Data below:
☆ ☆ ☆ ☆ ☆
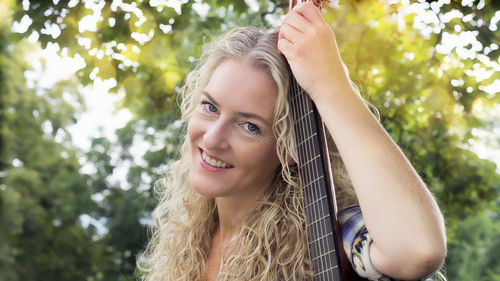 Portrait of smiling woman against trees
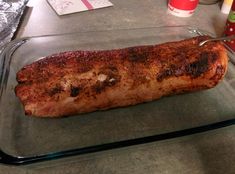 a piece of meat sitting on top of a glass tray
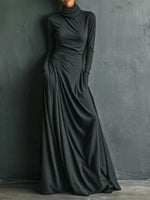 A woman wearing a long-sleeve, high-neck, floor-length black dress with gathered draping at the waist, standing against a dark textured wall.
☆ ☆ ☆ ☆ ☆
What you should do: Aside from the pictures, repeat the listing exactly.

Response to the exercise:
 Portrait of smiling woman against trees
 a piece of meat sitting on top of a glass tray
 A woman wearing a long-sleeve, high-neck, floor-length black dress with gathered draping at the waist, standing against a dark textured wall.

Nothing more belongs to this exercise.